*** Opening of Data extract ***

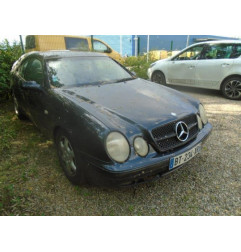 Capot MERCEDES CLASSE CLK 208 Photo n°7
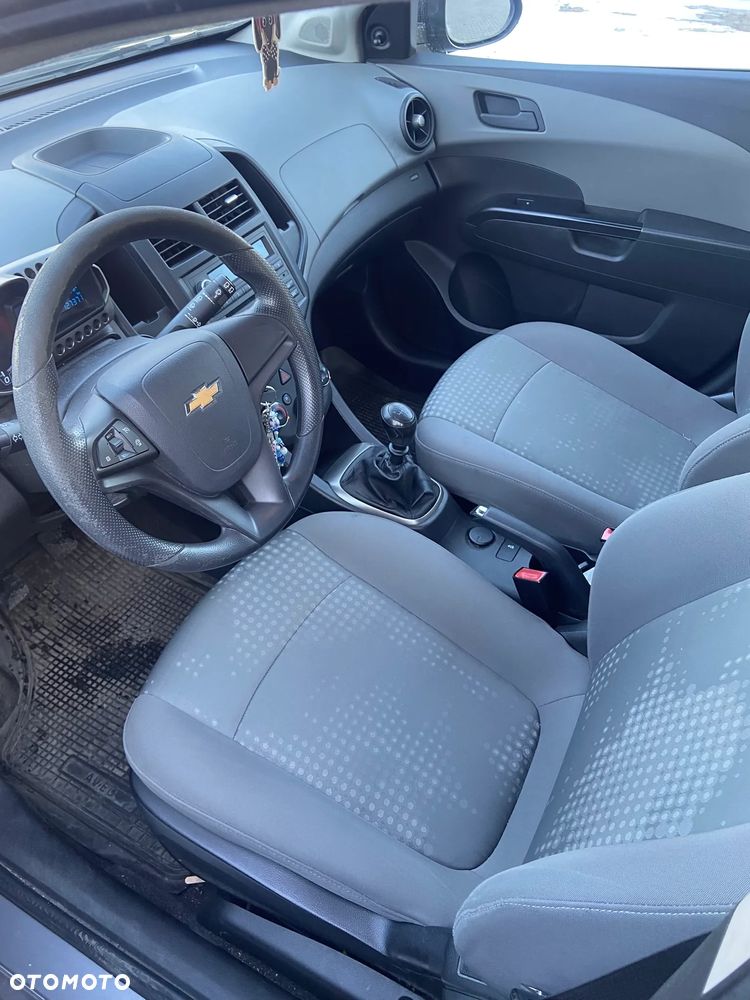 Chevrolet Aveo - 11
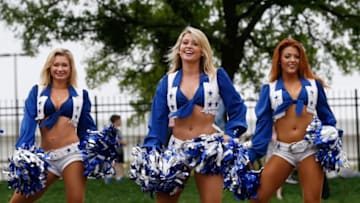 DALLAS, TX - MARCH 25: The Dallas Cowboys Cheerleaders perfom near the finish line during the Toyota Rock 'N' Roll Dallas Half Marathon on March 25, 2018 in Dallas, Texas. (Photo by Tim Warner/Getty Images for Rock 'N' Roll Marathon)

*** Close of Data extract ***

- **Work to be completed**
Please write out all of the data verbatim, with no pictures in the copy.

- **Final answer**
 Capot MERCEDES CLASSE CLK 208 Photo n°7
 Chevrolet Aveo - 11
 DALLAS, TX - MARCH 25: The Dallas Cowboys Cheerleaders perfom near the finish line during the Toyota Rock 'N' Roll Dallas Half Marathon on March 25, 2018 in Dallas, Texas. (Photo by Tim Warner/Getty Images for Rock 'N' Roll Marathon)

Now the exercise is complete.